The person best suited for this would be intimate with all the work in the shop. You’d want that person to think about everything you do, including the generic account services items. Everything should be included in the services catalog.

Done Is Better Than Perfect

Since I recommended taking a longer-term perspective on this project and building it out over time, you’re going to have to accept that done is going to be better than perfect.

Since this is an internal document. No clients should ever see your services catalog. Even if they ask to see it, it should never be shared. 

I would recommend that your consultants or account managers never even mention its existence to clients or prospects. You’d never share your financials, so there is no need to share this either. 

Since it's 100% internal, it doesn’t have to be perfect. It doesn’t have to be pretty and it doesn’t have to be complete. 

Just having a services catalog, maintaining it, and expanding it over time is going to give you a new perspective on what you do, how long it takes you to do it, and what you’re charging clients. 

You’ll Need Time Tracking Data

In order to build your services catalog, you’ll need time-tracking data from your team. You’ll need to know how long it takes to do everything inside the agency. You should already be tracking time. If you’re not, you should start.

As agency owners, all we have to sell is time. You should have a handle on how long everything takes. 

Once you get this data, simply assign it to every project in the catalog. Make sure you take into consideration everyone’s time who touches the project. 

Back to our email marketing campaign example. It’s the copywriter, it’s the designer, it’s the HubSpot person who builds the email, it’s the project manager who manages the project and it’s the consultant who works with the client on the details of the email campaign. 

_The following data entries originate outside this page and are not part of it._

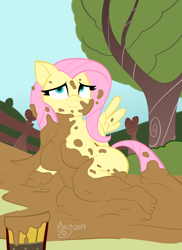 Size: 5100x7019 | Tagged: safe, artist:sebaku, fluttershy, pegasus, anthro, g4, bbw, chubby, fat, messy, mud, mud bath, solo, wet and messy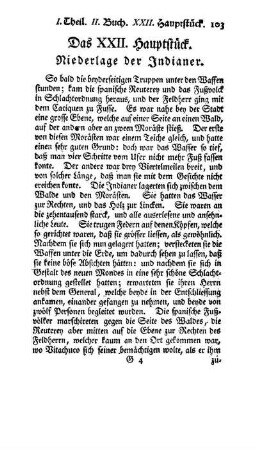 Das XXII. Hauptstück - Niederlage der Indianer.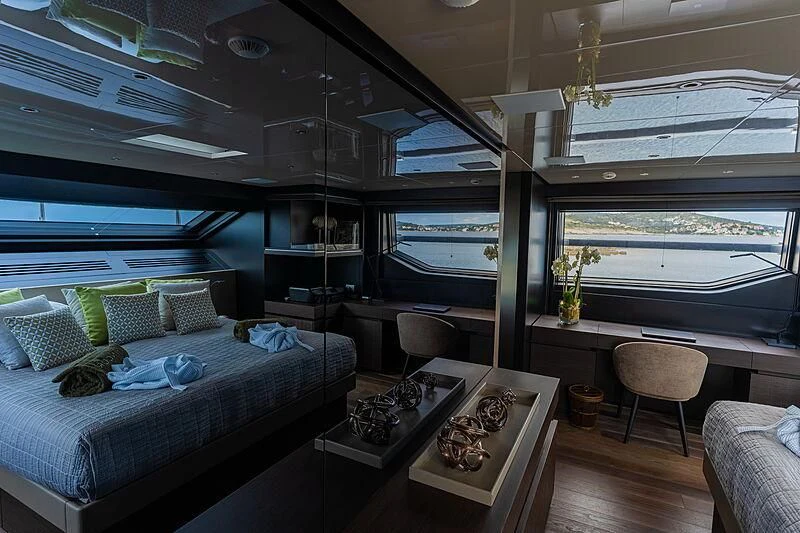 a room with a couch and a table aboard NOOR II Yacht for Charter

You want to grab ALL those hours to see exactly what it's costing you, what you should charge, and then make sure you charge this all the time. 

Use It As A Baseline, Not A Bible

I think it's important to point out that once you have your services catalog, you use it as a guide, not as the end-all and be-all for pricing. 

When you get a client with more complex requirements, I’d start with your stated pricing and charge a complexity factor. 

When you get a client who seems like they’re going to be extra persnickety, I’d add on an extra charge. 

When you get a client who you’ve been working with for three years, you might be able to lower the charge a bit because it’s so easy and the projects flow so quickly through the shop.

I’d also suggest you wrap a system around the catalog. When you’re first using this, perhaps all pricing should be finalized and approved by you. 

As you get into it more and you’re comfortable that other people know how to use the catalog, then perhaps you don’t have to review and approve all the pricing. 

The services catalog should become that go-to document that helps your agency price properly, maintain gross and net profit margins, and allows you to share that information across your client services organization, as it grows. 

Done correctly, it can be one of the more important tools that help you grow. 

I regularly cover topics like this in my one-on-one and group coaching sessions. I'm happy to share information and documents like this with agency owners during these sessions and its ability to fast forward, skip the pot holes, and accelerate their agency growth keeps me working with fellow agency owners. 

GET INTO A COHORT TODAY

Start Today Tip – This is something that could get started quickly.  In just a few days you could have a services catalog in play. Then over time, add to it, optimize the data, adjust the pricing and grow it out as you deliver more and more services to your clients. Eventually, it can become that important client services and operations document that ensures you don’t underprice. As you build it out,  it should represent 90% of what you do for your clients on a regular basis. The other 10% can be handled outside the catalog until those services become standard operating deliverables for the agency. It will help everyone get on and stay on the same page. It should help you grow profitably and efficiently.